Core Activation Beyond "Sucking Belly Button to Spine"

core performance enhancement

Core Myths Mini Series

PART ONE: The Problem with "Knitting the Ribs Together" in Core Workouts

PART TWO: The Problem with “Back Smashing” in Core Workouts

PART THREE: The Kegel Myth: What You Need to Know for a Healthy Pelvic Floor

PART FOUR: Core Activation Beyond "Sucking Belly Button to Spine"

 

 

 

When it comes to fitness and exercise, there's no shortage of advice and techniques. However, not all fitness cues are created equal, and some popular practices can do more harm than good. In this 4-part mini series on core myths, we're diving into four common misconceptions that can lead to injuries and dysfunction.

Today, we're taking a closer look at the myth of “sucking the belly button to the spine”, an all too common cue in the fitness world. This cue is often used with the intention of engaging your core muscles and promoting a strong, stable midsection. However, it's time to demystify this cue and explore a more effective approach to core activation.

 

Understanding the Core

First, we need to understand that your core isn't just one big muscle. It's a group of muscles, ligaments, and connective tissues that work together to support your spine and protect your organs. These core muscles come in two main types: ones you can control (voluntary) and ones that work on their own (involuntary).

Most of your core muscles, around 80%, are in the involuntary category. These muscles work through reflexes, which means they function automatically without you having to think about it. These involuntary muscles, like the diaphragm and pelvic floor, play a big role in keeping your core stable.

 

The Problem with "Sucking Belly Button to Spine"

The cue "suck your belly button to your spine" only targets the voluntary muscle fibers of your abdominal muscles. While it might make your core feel tighter, it leaves out the essential involuntary muscle fibers (and all the other core muscles!) that make up a big part of your core. This kind of limited approach to “core activation” can actually lead to core dysfunction and the myriad of symptoms it involves, such as: back pain, pelvic pain, pelvic floor dysfunction, diastasis, prolapse, hip pain, incontinence, constipation, bloating, postural dysfunction, menstrual irregularity and pain, breathing issues like asthma or labored breathing, sacroiliac joint dysfunction, distended waistline, IBS and digestive issues, endometriosis, fertility issues, sexual dysfunction, sciatica, disc herniation, and hemorrhoids.

I know what youre thinking- “Are you saying sucking my belly button to my spine all the time can actually lead to the symptoms you just listed?” Yes. Thats what I’m saying! I have seen it for decades in my patients- when they stop “sucking their belly button to their spine” and perform core activation as taught in The Core Recovery Method®, their core, spine and pelvic symptoms greatly improve. Sucking your belly button to your spine significantly limits your core’s mobility, strength and healing power.

Since our core muscles are primarily involuntary muscles that work together as a single unit, it’s always best to activate them through reflexes that target those involuntary muscle fibers and also trigger involuntary activation of all the other core muscles at the same time.

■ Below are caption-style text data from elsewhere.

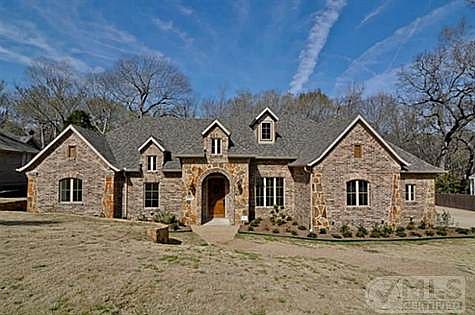1st image of 1716 Valley View Dr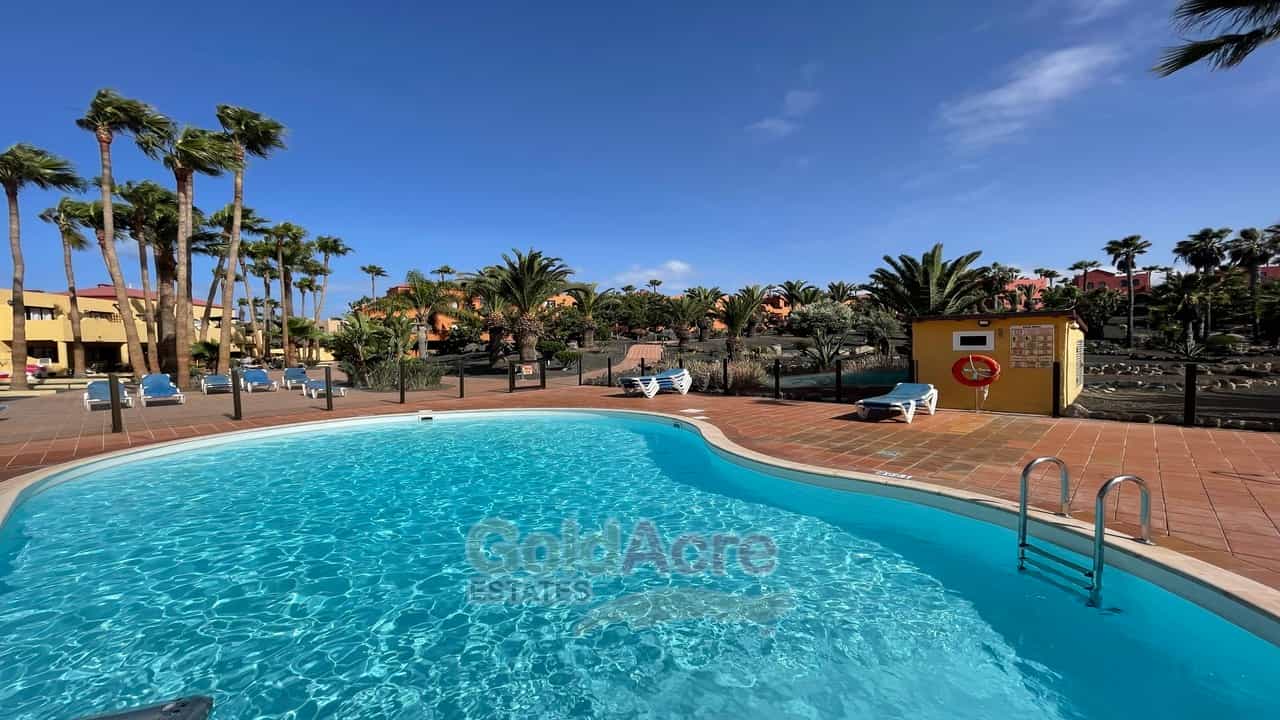 Condominium in La Oliva, Canary Islands 10825107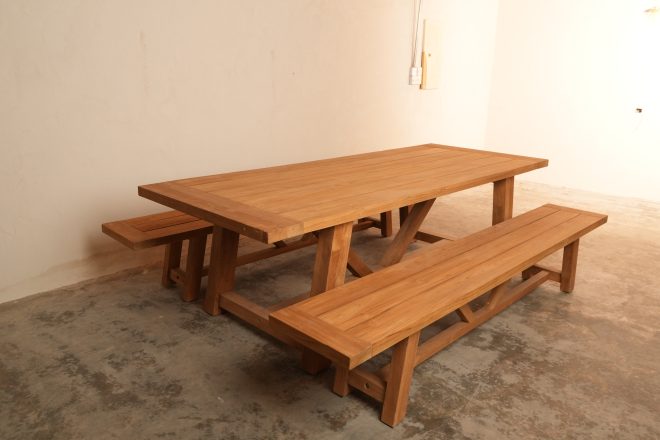 Danke Dining Table طاولة طعام دانكي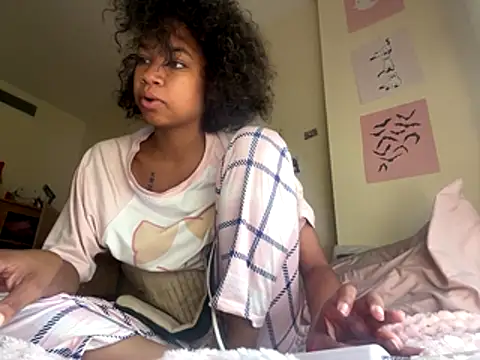 Snapshot of luvrgrllani chatting on 11-16-25, 08:14 luvrgrllani online show from 11-16-25, 08:14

What are those reflexes? Spinal cord position and breathing. To build core strength in the right way, do this: elongate your waist and 360 breathe into your rib cage. This will trigger the reflexive activation of the involuntary muscle fibers so that your core can function as a coordinated unit to support your spine and organs and appropriately manage the pressure in your abdomen.

 

Effective Core Activation with Decompression Breathing

The breathing technique I teach my clients is called “decompression breathing”. Remember, breathing is the gateway to our involuntary nervous system, and it will either turn our core muscles ON or turn them OFF. So, how you breathe is of the utmost importance, especially during exercise! Here's a quick breakdown of decompression breathing:

Inhale:

  • Breathe in through your nose.

  • Direct your inhalation into the rib cage only, allowing a 360-degree expansion of the ribs.

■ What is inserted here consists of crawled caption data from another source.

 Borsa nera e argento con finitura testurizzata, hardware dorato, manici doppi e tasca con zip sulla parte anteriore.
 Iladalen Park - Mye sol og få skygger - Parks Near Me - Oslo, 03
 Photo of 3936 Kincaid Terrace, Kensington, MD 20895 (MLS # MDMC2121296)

  • Avoid breathing into your belly; this ensures the pressure in your abdomen stays low.

Exhale:

  • Exhale slowly and gently. This controlled exhalation contributes to effective pressure management.

  • Focus on elongating your spine as you exhale, and maintaining length and space between your rib cage and pelvis.

  • Keep your rib cage lifted and expanded even during the exhale phase.

 

Practicing decompression breathing achieves two main goals:

  • Reflexive activation of your core muscles in a way that supports your organs and spine.

  • Facilitation of proper pressure management in your abdomen.

 

When you activate your core like this, you're not only ensuring ALL of your core muscles involved, but you're also making sure they all work together as a team. This will allow your core muscles to effectively support your spine, protect your organs, and manage the pressure inside your abdomen.